Whether you're good with two miles or you regularly clock a 10-K before breakfast, you know: Runners are a special breed of crazy—in a good way. Here are 16 weird, wild, and kind of hilarious things only runners get:
Your hourly weather app gets more action than your partner.Refresh...refresh again. Because how else are you supposed to know when you can squeeze in a few miles between thunderstorms?
You have special run-derwear—and they're total granny panties that you wouldn't be caught dead in otherwise.
You've definitely canceled plans to go for a run. Happy hour can wait. Your run can't.
You know way too much about running ailments.
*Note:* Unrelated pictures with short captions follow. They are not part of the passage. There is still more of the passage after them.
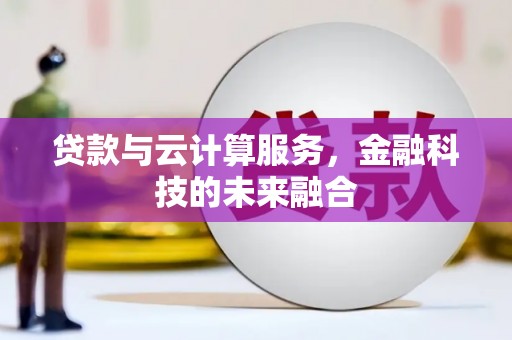 兴隆贷款与云计算服务，金融科技的未来融合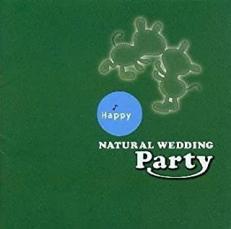 【中古】CD▼ナチュラル・ウエディング パーティー編 Happy ゼクシィPRESENTS レンタル落ち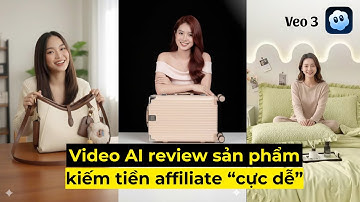 Hướng dẫn kiếm tiền với Sora 2 + Veo3 = Combo tạo video AI review sản phẩm “cực phẩm” | Under30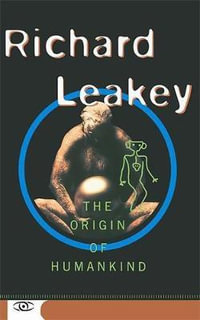 The Origin Of Humankind : Science Masters Series - Richard E. Leakey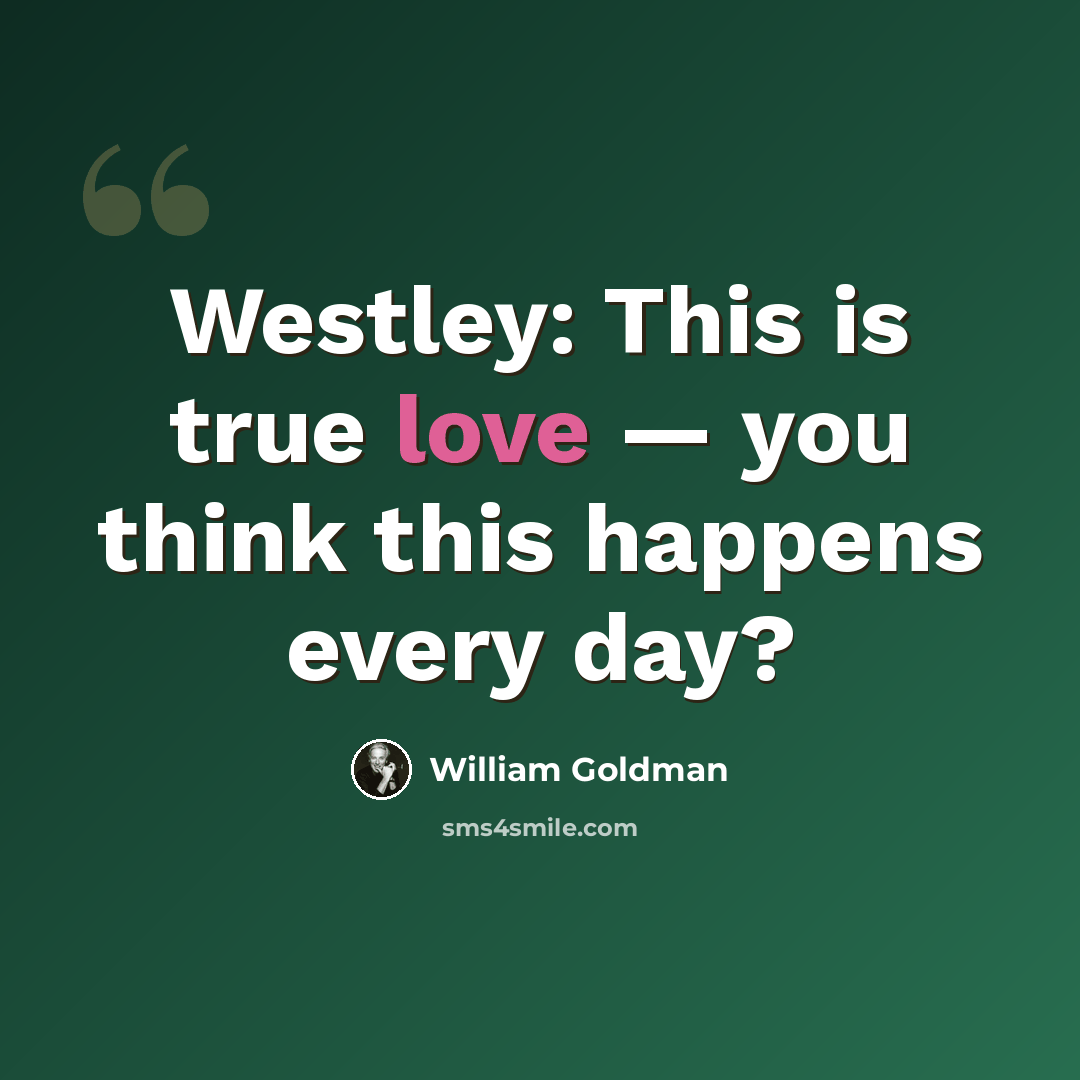“Westley: This is true love — you think this happens every day?” quote by William Goldman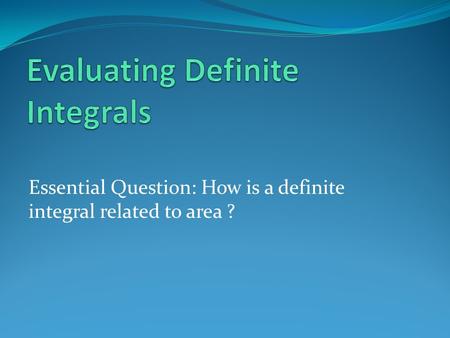 Essential Question: How is a definite integral related to area ?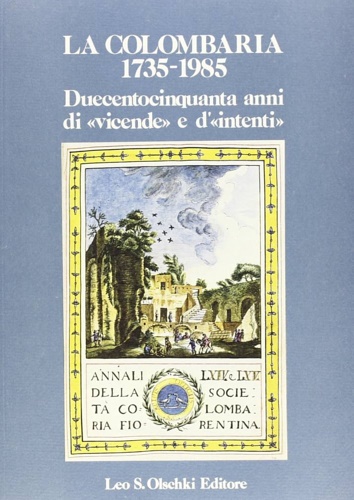 Catalogo della Mostra dei Documenti e Manoscritti: - La Colombaria 1735-1985. Duecentocinquanta anni di vicende e d'intenti.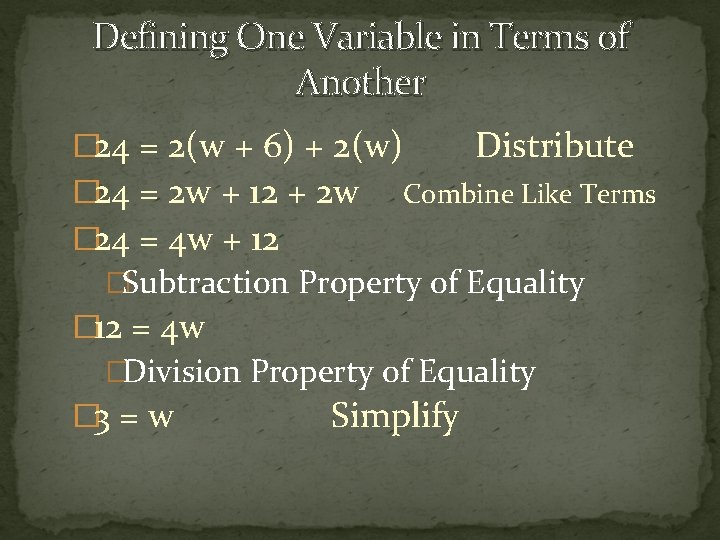 Defining One Variable in Terms of Another � 24 = 2(w + 6) +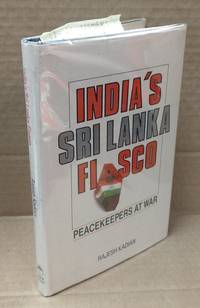 INDIA&#039;S SRI LANKA FIASCO. PEACE KEEPERS AT WAR by Kadian, Rajesh - 1990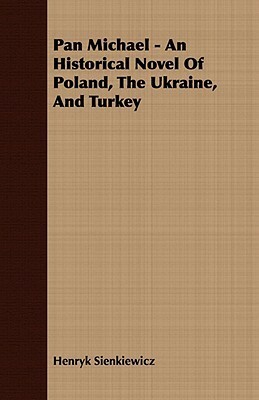 Pan Michael - An Historical Novel of Poland, the Ukraine, and Turkey by Henryk Sienkiewicz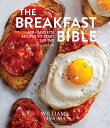 The Breakfast Bible: 100+ Favorite Recipes to Start the Day BREAKFAST BIBLE 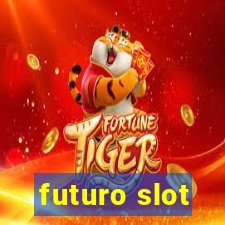 futuro slot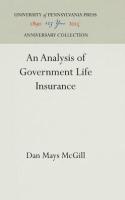 Analysis of Government Life Insurance (Reprint 2016)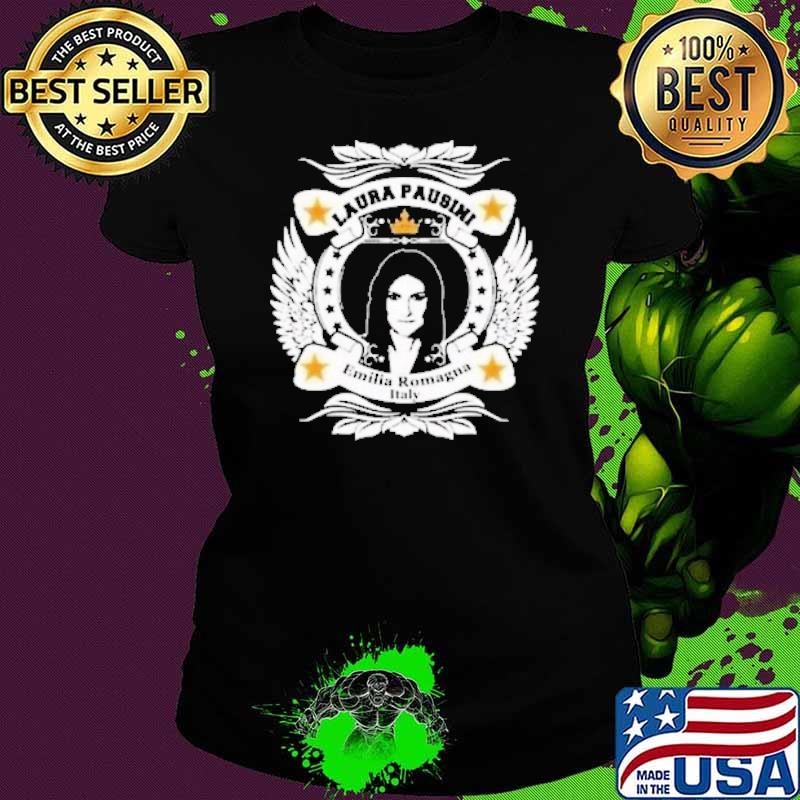 Best laura pausimi emila romagna italy shirt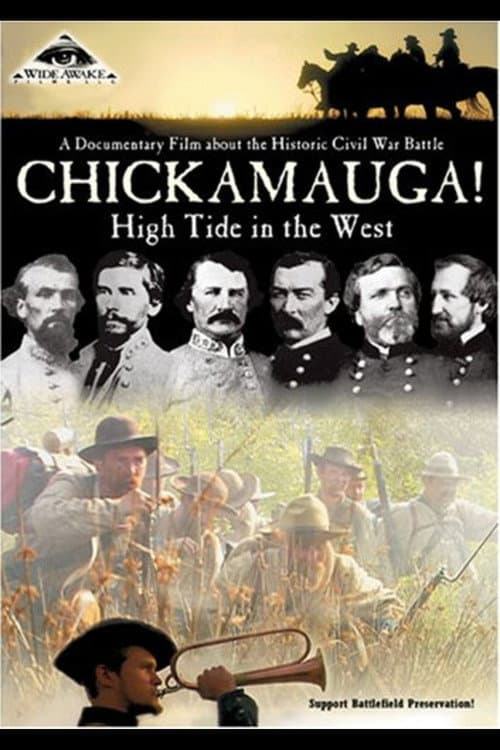 Poster for Chickamauga! High Tide in the West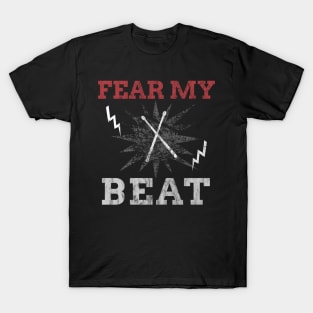 Fear My Beat Loud Heavy Drummer Gift T-Shirt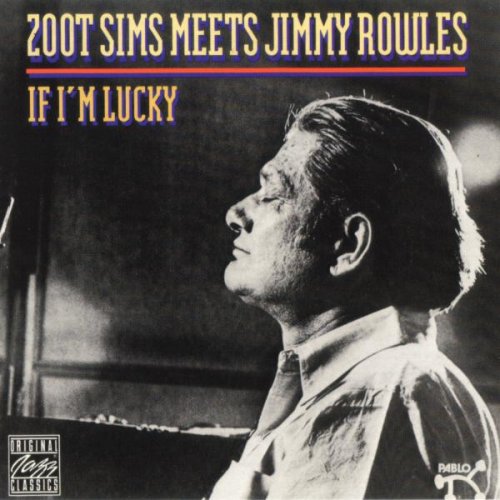 Zoot Sims Meets Jimmy Rowles - If I'm Lucky (1978) [FLAC]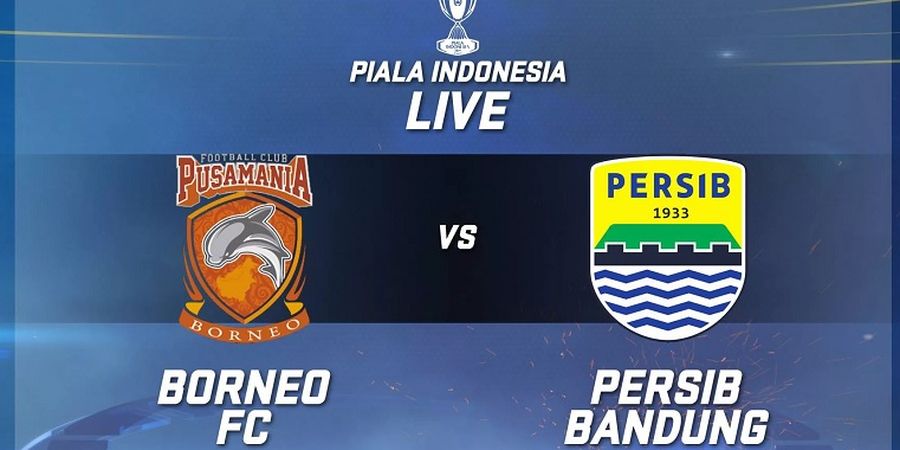 Link Live Streaming Borneo FC Vs Persib, Leg 1 Babak 8 Besar Piala Indonesia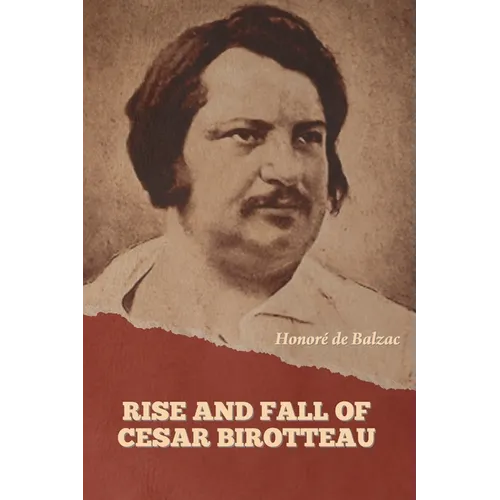 Rise and Fall of Cesar Birotteau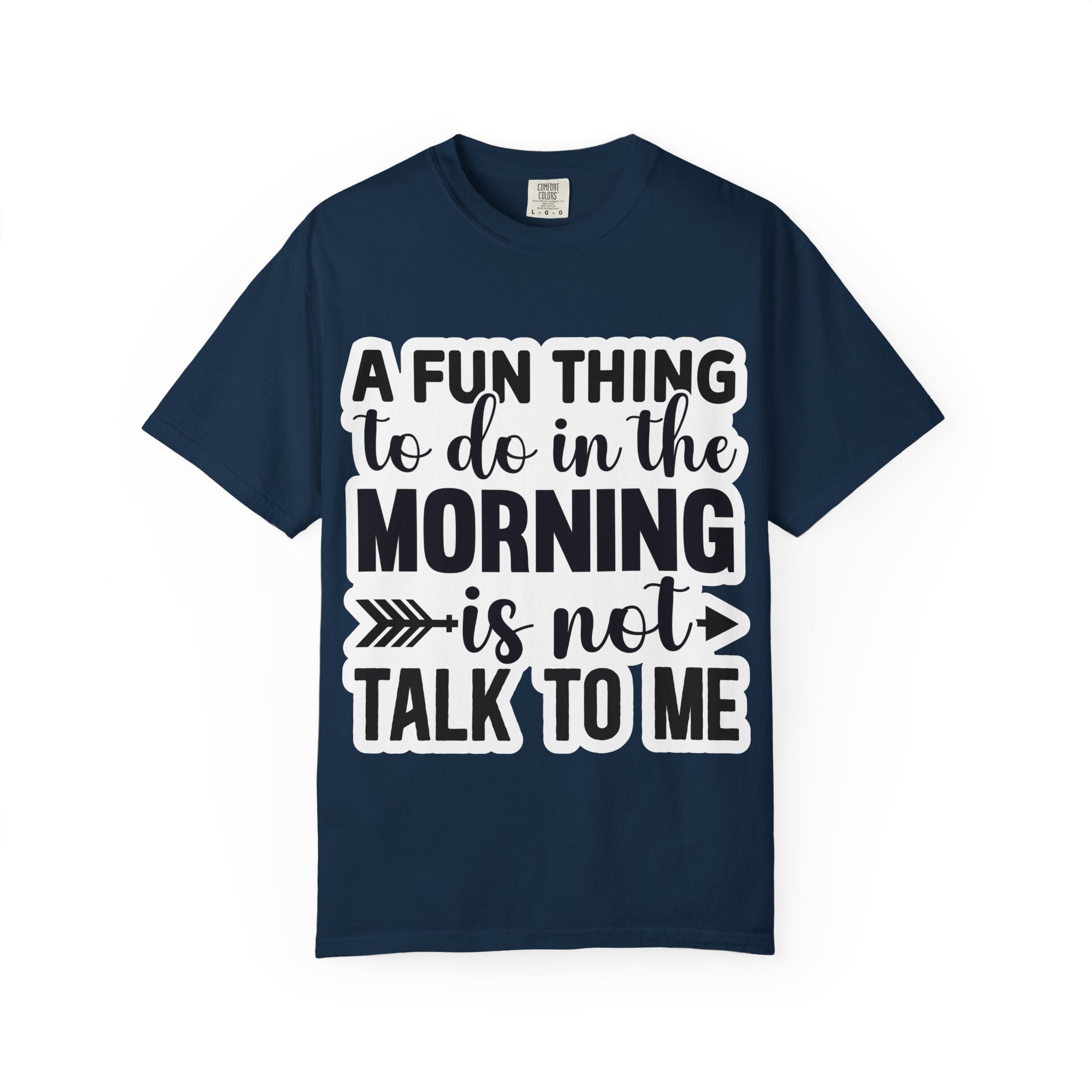 A Fun Thing To Do In The Morning Is Not Talk To Me T-Shirt — Funny Morning Quote Tee
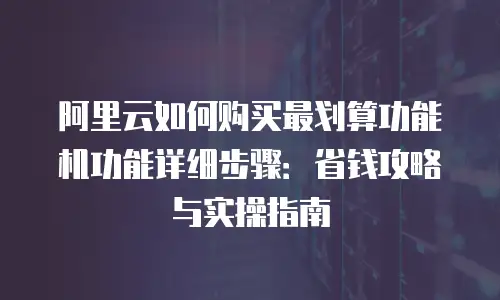 阿里云如何购买最划算功能机功能详细步骤：省钱攻略与实操指南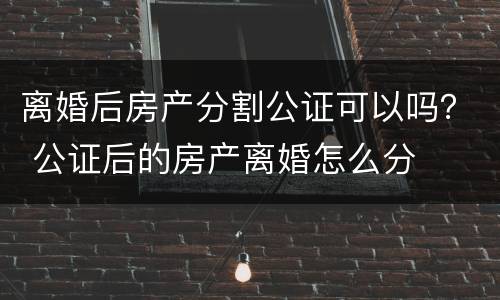 离婚后房产分割公证可以吗？ 公证后的房产离婚怎么分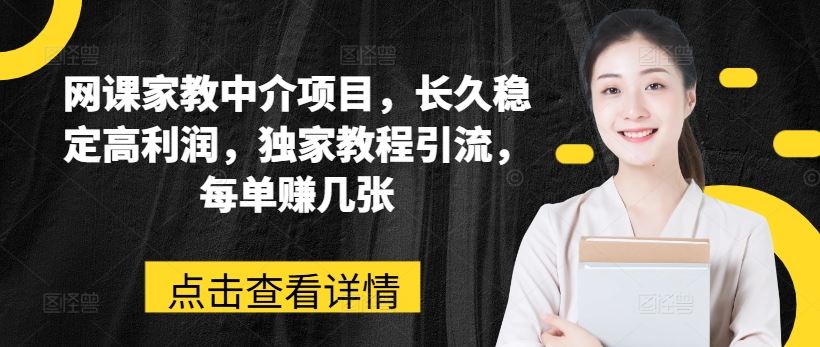 网课家教中介项目，长久稳定高利润，独家教程引流，每单赚几张-来友网创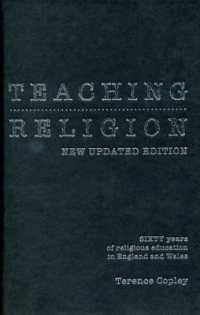 Teaching Religion (New Updated Edition) : Sixty Years of Religious education in England and Wales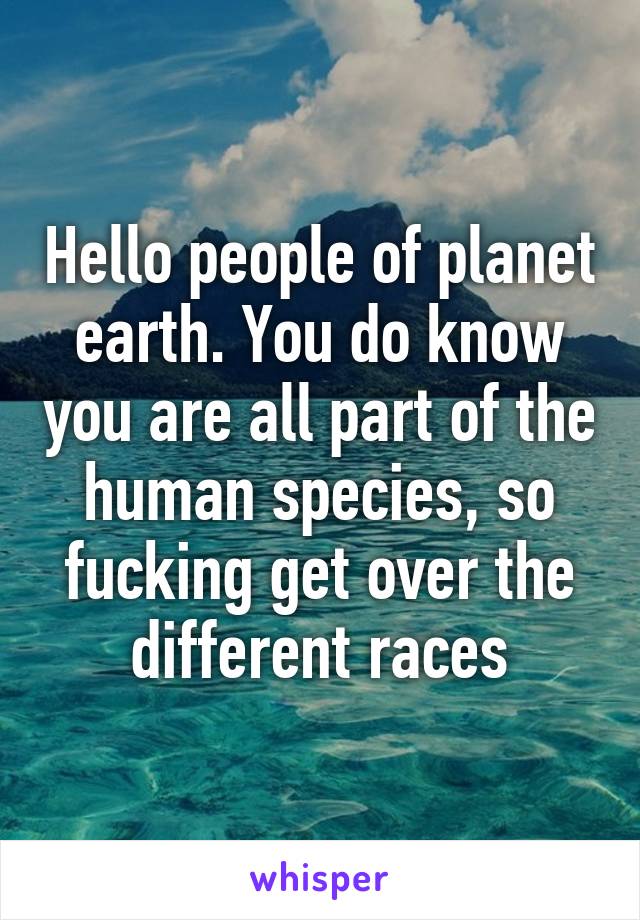 Hello people of planet earth. You do know you are all part of the human species, so fucking get over the different races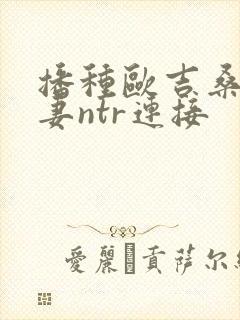 播种欧吉桑与人妻ntr连接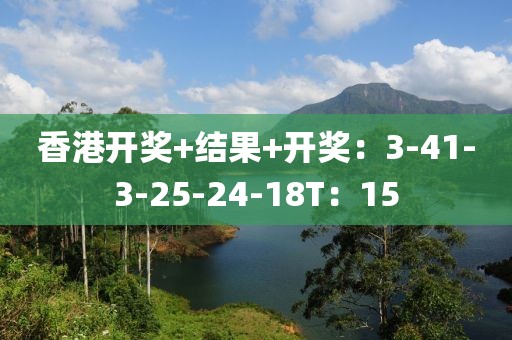 香港開獎+結(jié)果+開獎：3-41-3-25-24-18T：15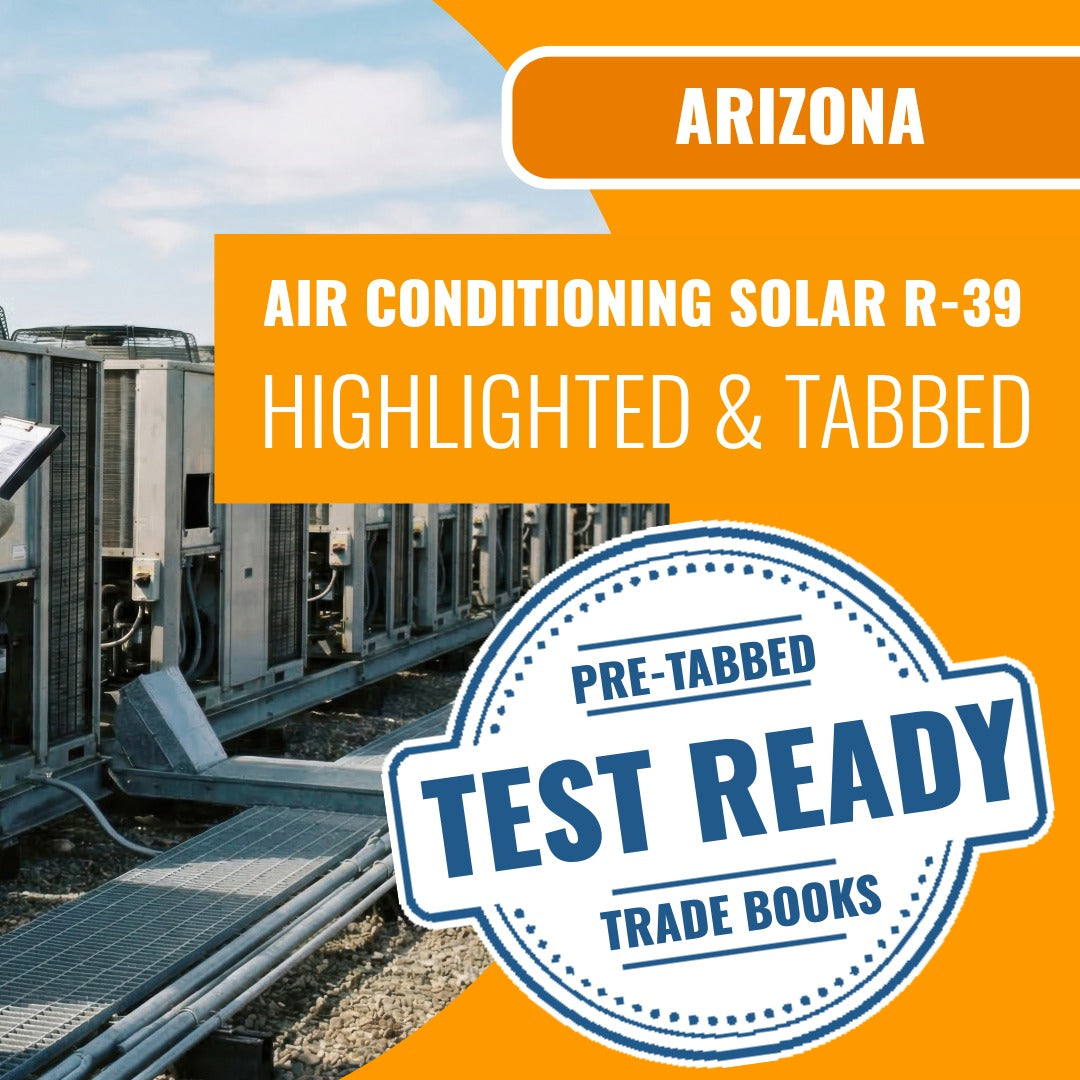 Arizona Air Conditioning and Refrigeration, Including Solar Residential Contractor (R-39) Highlighted & Tabbed Book Package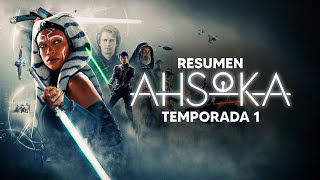 Ahsoka (TEMPORADA COMPLETA): Resumen en 1 Video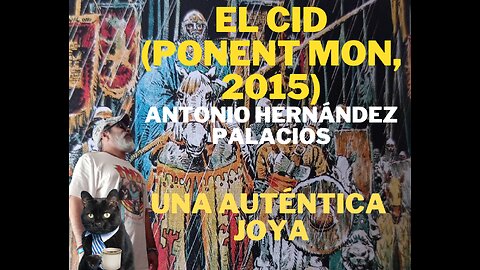 El Cid. Integral (Ponent Mon, 2015) Antonio Hernández Palacios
IT band pain? Please. You could treat that in your sleep.
You have a permanent sports bra tan line...even though you run in the early morning...wearing SPF 50.
You squeeze stretching into your everyday routine. Hey, shaving is the perfect time to loosen up your hammies.
You regularly use your T-shirt as a backup tissue/sweat mop. It's basically the only reason you wear one on a hot day.
You've painted toenail polish on your skin where a toenail used to be. What else are you supposed to do when you lose them on the regular?
You always know exactly how far you just ran. Running GPS: Best. Invention. Ever.
You hang your running shorts out to dry after workouts...without washing them first. They're good for at least three runs before they hit the washer.
You use your sports bra as a handbag. It makes an excellent one: Smart phone, credit card, cash, ear buds—they've all taken a ride in there.
You have zero issues having sex right after a run. You're already sweaty, so...
You've peed outside a ton. When you've got to go, and all that.
Sweaty running hair doesn't faze you. Just unwind it from a top knot after a run, blow dry the sweat out, and you're good to go to the office! You like to think of it as your "special running hairdo."
You always overpack when you travel. And we're not talking tank tops, jeans, and ballet flats—between running shorts, shoes, sports bras, socks, and an extra sweatshirt (no freaking way are you taking the day off if it’s chilly!), you've got about three square inches in your suitcase for those other things.
You feel off on days off. Life just isn't the same without your daily sweat fest.